Ella’s brother-in-law Rudolf Pollak with his three children: Zita and Hana on the left, and Zdeněk on the right. Teplice, c. 1940.

 

Rudolf, Josefa, and Jiří Pollak had been deported to Auschwitz in September 1943 on Rudolf’s fifty-ninth birthday, but Zita, Hana, and Zdeněk Pollak provided some respite for my grandparents in the camp. Otto reported, after one of the many moves of barracks, how relieved he was to have Zdeněk in the same bunk. Ella helped her nieces steal some flowers from the trees for Zita’s marriage bouquet.

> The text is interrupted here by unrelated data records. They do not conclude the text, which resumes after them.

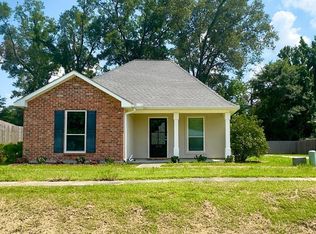 8012 Carlton Roberts Blvd, Denham Springs, LA 70726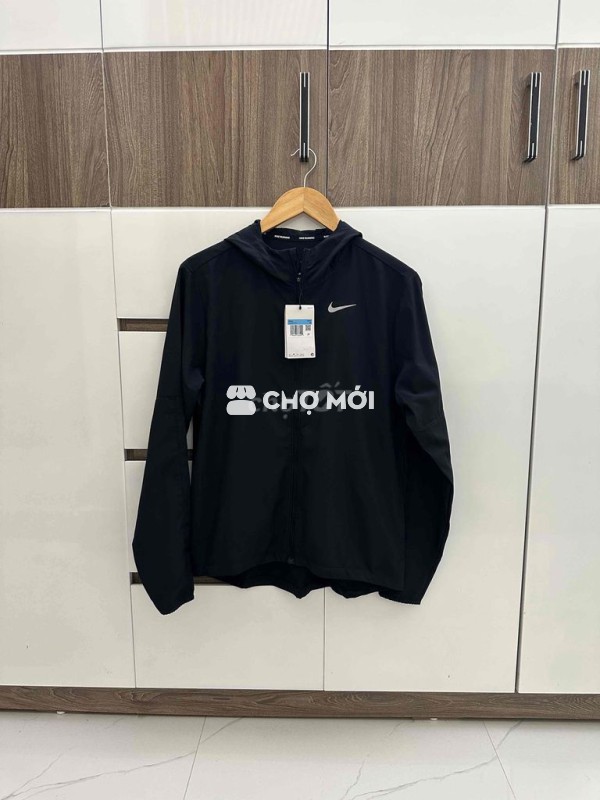 pass áo khoác gió nike mua store, nguyên tag ạ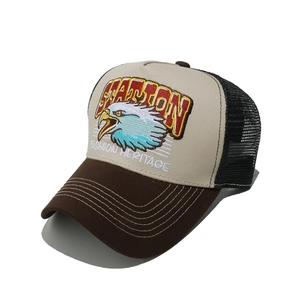 Détail de la broderie aigle et du panneau en filet sur la casquette de baseball trucker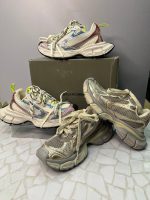 کتانی بالنسیاگا زنانه Balenciaga 3XL سفید طوسی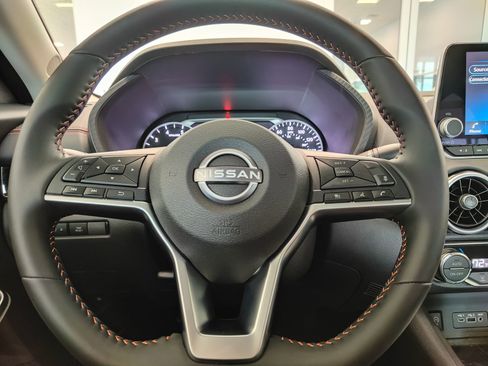 Used 2025 Nissan Sentra SR FWD image 22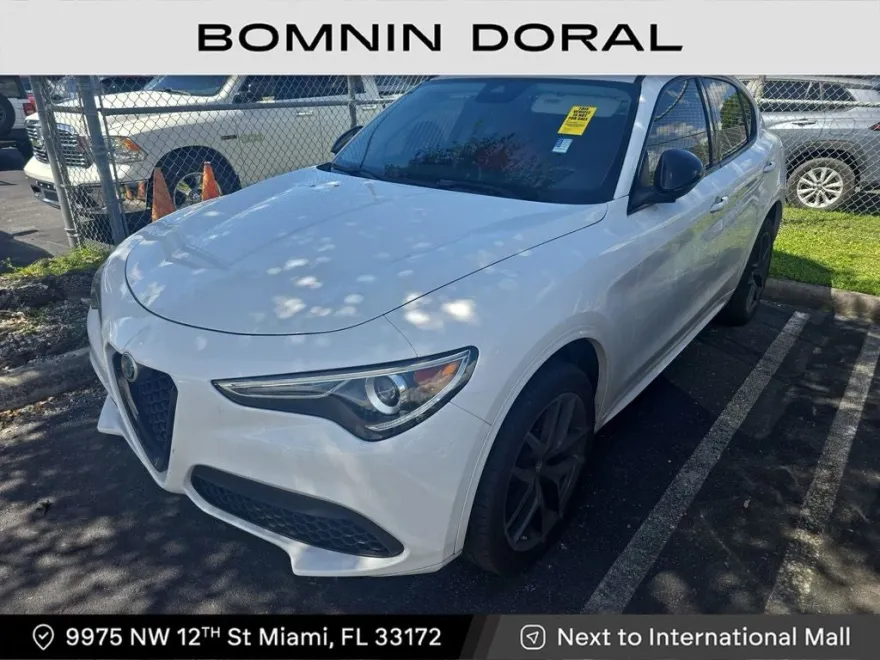 2020 Alfa Romeo Stelvio Base photo 1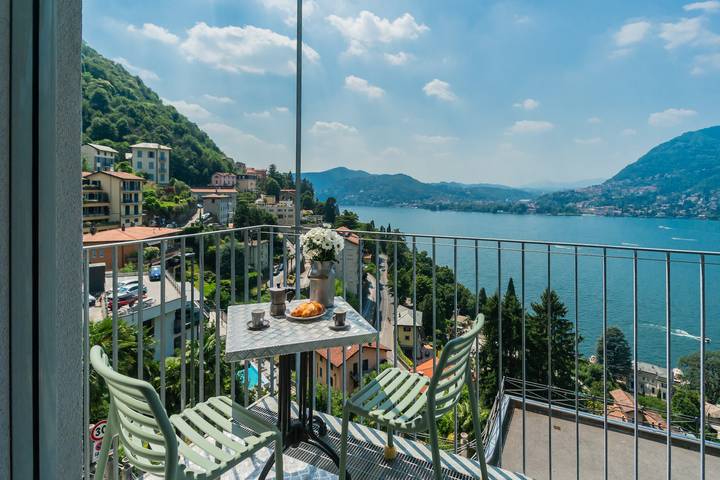 Appartamento per 6 persone, con panorama e balcone nonché vista lago in Blevio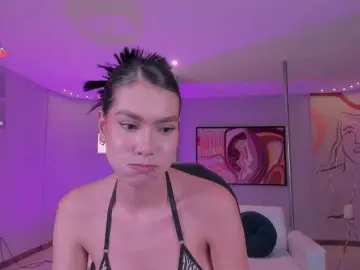 NiaSalvatore  live sex cam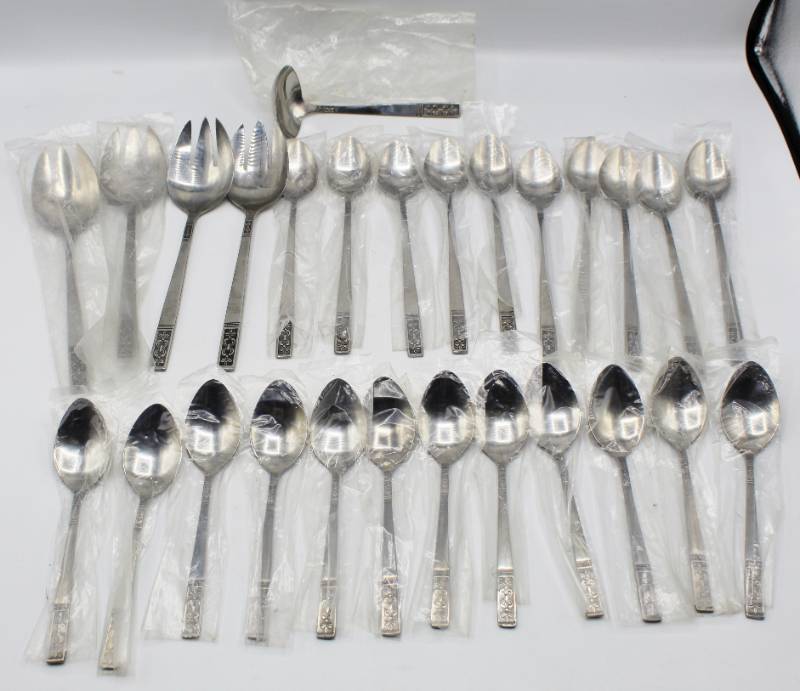 lot 2119 image: 27 PC Customcraft Stainless Flatware  Pattern  CUS3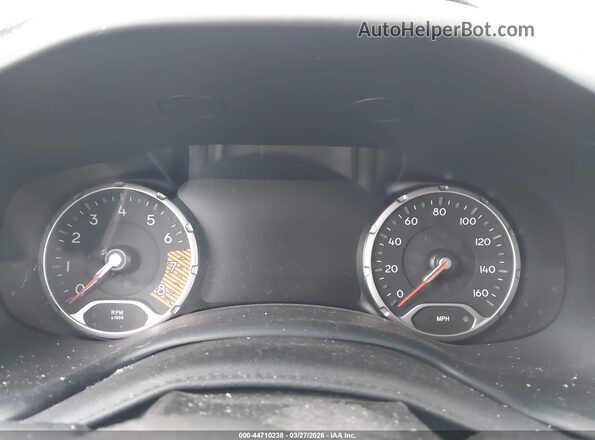 ZACNJDC12PPP40715 2023 JEEP RENEGADE Gray Widok tylnych siedzeń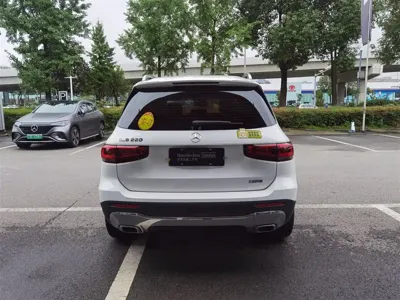 Mercedes-Benz GLB 2023, 48200 км, за 22428.99 USD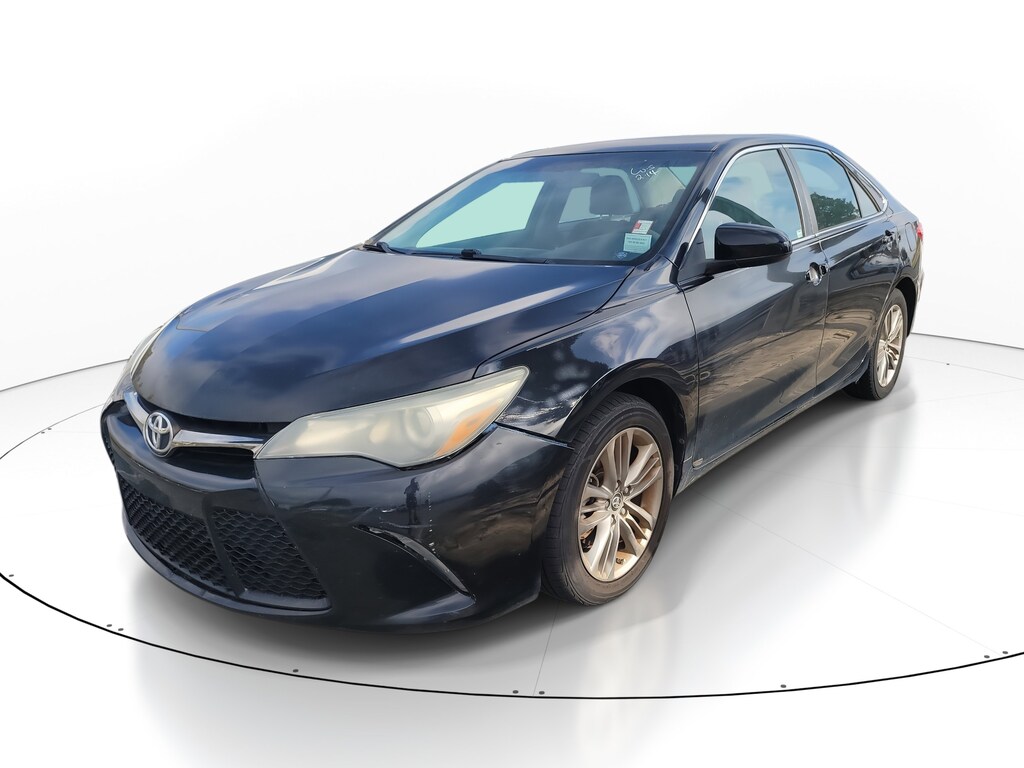 Used 2016 Toyota Camry SE Sedan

In her letters of this period, Ella started to refer to Otto as Grumpy. Otto had always been cantankerous, and life in Terezín could only have magnified this. Instead of allowing them to find strength in each other, it appears that life in Terezín had begun to wrench my grandparents apart.

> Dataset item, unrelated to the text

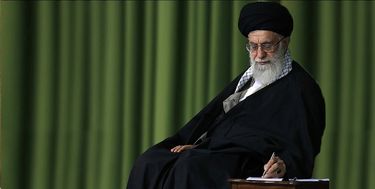 رهبر انقلاب: گذشت زمان هرگز نخواهد توانست یاد ارجمند شهیدان عزیز را از خاطر ملت ایران بزداید
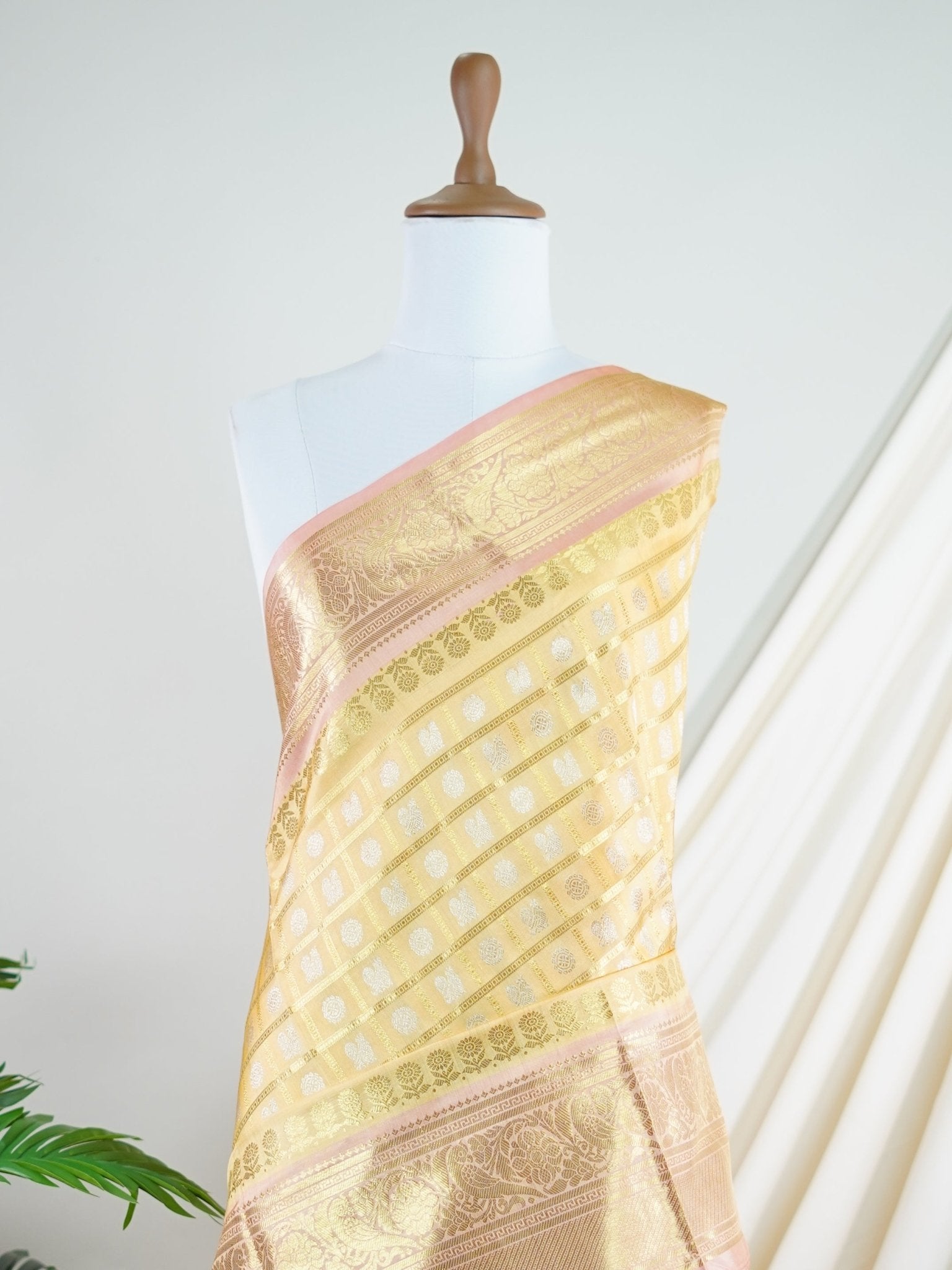 Venkatagiri Silk Wheat Gold 100% Pure Silk  - Manoranjitham Weaves - Handloom Store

Ella’s relationship with her employer seems to have been a key catalyst for this division. In her first Terezín letters, she often mentioned Eng L. He is very influential. He takes good care of me. He eats out of the palm of my hand.

In the first weeks after his arrival, Otto was also grateful for Engineer Langer’s kindness, which benefited both Ella and him. Otto wrote in early 1943 that he had Langer to thank for his new job, which afforded him some protection from being transported. He suggested that the boys get in touch with Langer’s wife in Prague to give her news of her husband. Otto also asked his sons to offer Mrs. Langerova the opportunity to use their parcels as a conduit for her to send messages to Langer.

But Langer was also the cause of friction that stemmed from Otto’s jealousy. A mere month after his arrival, Otto was scathing: Eng. L is responsible for ruining the family happiness, though I blame Ella above all, as she is not behaving like a normal person. In many instances in the letters that followed, he referred to his failed marriage. Ella repeatedly denied any romantic involvement with anyone and wished Otto could find better ways of expressing his love for her. In March 1943, she wrote about Otto’s jealousy: though he has no reason to be jealous he simply cannot stand that some men with power in Terezín like me and play into my hands. So in this respect I do what I can, my only mission here is to survive at all costs, if it wasn’t for my influential friends we would either be dead or have long been deported far away. She criticized Otto for being petty and senseless and suggested that he should be more focused on important things, such as surviving. In June 1943, she begged her children to not take Otto’s news so tragically and asked Lotar, especially, not to fret about their relationship. There are no circumstances in which you could imagine what life is like in this madhouse. She wrote, as she often did, that her only goal was for her and Otto to survive, while also clarifying that how I achieve this is not irrelevant as I don’t want to return to life outside crippled physically or mentally. While she remained focused on surviving, there were limits to what Ella would do to ensure this survival. This clarification to her boys implied that having an affair fell beyond those limits.